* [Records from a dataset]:
========================
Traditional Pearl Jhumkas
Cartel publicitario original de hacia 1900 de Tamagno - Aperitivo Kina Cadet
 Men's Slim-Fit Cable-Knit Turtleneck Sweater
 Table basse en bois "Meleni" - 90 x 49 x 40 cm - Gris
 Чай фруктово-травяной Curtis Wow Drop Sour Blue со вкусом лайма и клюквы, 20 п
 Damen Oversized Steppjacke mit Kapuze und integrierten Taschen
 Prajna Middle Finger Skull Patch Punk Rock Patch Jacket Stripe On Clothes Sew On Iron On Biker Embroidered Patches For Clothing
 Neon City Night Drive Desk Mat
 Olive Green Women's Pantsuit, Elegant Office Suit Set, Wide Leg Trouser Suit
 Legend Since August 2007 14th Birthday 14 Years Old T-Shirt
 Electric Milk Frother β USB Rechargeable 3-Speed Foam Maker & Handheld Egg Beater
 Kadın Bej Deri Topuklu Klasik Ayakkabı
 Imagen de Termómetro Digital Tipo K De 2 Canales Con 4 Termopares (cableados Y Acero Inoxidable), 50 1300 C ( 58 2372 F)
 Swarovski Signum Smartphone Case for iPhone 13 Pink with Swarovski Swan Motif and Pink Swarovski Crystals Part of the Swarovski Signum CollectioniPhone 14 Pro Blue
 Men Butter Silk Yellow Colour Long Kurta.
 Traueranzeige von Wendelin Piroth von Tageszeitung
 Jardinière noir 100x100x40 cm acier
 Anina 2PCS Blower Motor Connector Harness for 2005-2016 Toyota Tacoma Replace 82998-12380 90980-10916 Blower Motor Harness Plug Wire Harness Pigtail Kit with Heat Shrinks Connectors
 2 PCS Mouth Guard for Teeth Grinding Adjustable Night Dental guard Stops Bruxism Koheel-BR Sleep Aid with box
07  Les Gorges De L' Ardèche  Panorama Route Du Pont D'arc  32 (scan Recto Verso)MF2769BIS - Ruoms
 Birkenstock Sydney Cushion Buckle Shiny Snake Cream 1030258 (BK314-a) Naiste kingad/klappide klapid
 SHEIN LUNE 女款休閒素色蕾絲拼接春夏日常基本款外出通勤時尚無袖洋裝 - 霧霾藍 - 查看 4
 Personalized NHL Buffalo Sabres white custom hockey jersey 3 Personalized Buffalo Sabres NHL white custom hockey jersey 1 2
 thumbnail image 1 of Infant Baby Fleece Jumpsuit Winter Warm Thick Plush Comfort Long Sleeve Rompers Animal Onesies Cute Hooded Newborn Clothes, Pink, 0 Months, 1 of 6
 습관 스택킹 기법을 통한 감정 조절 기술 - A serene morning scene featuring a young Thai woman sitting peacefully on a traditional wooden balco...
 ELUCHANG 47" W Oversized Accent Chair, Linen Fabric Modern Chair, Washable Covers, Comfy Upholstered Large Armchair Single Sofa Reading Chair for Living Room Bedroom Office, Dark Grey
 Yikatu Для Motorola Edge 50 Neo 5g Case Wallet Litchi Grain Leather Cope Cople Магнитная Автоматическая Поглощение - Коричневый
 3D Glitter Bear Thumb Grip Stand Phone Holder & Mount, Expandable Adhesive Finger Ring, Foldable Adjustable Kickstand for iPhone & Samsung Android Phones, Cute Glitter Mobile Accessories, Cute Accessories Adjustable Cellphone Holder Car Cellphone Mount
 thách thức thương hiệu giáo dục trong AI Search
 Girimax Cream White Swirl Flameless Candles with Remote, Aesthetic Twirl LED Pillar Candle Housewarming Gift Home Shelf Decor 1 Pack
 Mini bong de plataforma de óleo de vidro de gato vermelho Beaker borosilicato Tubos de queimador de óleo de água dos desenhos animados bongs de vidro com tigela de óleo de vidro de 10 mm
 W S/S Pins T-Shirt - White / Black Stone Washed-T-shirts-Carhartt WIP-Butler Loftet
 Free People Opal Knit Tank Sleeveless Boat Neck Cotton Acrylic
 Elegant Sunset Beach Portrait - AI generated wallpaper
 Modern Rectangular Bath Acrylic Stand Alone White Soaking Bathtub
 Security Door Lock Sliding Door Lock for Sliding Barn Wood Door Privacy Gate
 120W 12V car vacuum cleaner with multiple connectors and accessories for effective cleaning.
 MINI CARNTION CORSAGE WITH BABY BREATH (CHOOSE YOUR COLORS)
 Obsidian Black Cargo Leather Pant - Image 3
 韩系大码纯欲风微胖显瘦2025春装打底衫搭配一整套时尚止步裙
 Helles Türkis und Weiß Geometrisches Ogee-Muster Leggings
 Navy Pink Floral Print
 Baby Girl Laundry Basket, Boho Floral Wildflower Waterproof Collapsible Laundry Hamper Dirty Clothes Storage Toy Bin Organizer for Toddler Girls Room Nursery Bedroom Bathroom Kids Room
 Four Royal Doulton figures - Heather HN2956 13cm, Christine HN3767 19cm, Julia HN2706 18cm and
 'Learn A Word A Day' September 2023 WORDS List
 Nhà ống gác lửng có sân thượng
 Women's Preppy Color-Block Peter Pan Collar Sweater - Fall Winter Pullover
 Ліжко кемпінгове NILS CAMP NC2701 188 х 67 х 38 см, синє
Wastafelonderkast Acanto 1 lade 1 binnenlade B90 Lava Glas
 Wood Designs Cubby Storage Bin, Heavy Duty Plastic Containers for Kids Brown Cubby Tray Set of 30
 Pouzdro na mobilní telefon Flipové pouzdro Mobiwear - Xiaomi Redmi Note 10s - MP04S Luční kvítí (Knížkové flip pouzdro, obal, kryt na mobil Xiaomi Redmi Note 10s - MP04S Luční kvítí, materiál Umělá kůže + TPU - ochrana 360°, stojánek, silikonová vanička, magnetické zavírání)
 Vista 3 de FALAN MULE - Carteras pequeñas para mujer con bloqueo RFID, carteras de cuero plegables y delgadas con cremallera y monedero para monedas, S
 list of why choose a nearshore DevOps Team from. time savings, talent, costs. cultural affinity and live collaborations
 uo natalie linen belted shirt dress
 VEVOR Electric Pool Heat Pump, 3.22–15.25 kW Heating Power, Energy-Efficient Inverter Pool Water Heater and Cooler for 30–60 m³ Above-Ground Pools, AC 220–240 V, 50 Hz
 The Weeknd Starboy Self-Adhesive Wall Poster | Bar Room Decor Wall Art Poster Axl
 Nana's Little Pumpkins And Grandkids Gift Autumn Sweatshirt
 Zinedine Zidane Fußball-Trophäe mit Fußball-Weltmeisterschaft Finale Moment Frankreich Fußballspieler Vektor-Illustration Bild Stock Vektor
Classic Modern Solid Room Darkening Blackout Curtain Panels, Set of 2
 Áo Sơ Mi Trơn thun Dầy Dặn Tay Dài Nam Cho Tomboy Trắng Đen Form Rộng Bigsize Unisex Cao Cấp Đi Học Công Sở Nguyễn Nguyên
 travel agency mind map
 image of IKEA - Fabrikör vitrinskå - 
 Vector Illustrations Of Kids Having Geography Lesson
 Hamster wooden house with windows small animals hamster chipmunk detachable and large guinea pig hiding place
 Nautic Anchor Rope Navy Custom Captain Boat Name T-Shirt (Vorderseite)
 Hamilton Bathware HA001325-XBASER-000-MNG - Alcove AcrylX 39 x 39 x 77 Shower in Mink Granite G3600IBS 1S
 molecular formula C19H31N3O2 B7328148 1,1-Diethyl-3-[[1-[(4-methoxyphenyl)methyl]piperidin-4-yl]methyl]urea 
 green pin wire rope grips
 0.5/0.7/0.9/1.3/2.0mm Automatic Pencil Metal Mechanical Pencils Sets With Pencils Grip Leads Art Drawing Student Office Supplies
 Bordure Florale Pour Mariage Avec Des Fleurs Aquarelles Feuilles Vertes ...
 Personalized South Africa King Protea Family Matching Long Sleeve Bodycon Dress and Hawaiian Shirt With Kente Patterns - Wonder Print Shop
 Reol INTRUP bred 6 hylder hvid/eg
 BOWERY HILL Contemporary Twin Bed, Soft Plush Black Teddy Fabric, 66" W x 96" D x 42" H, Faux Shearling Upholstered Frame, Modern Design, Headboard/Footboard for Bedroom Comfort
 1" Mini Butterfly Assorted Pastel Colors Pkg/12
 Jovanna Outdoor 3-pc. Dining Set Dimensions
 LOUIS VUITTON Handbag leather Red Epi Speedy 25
========================
* [Problem requirements]: Return each line in the records that holds the string "Gift".

* [Output of the exercise]:
 Girimax Cream White Swirl Flameless Candles with Remote, Aesthetic Twirl LED Pillar Candle Housewarming Gift Home Shelf Decor 1 Pack
 Nana's Little Pumpkins And Grandkids Gift Autumn Sweatshirt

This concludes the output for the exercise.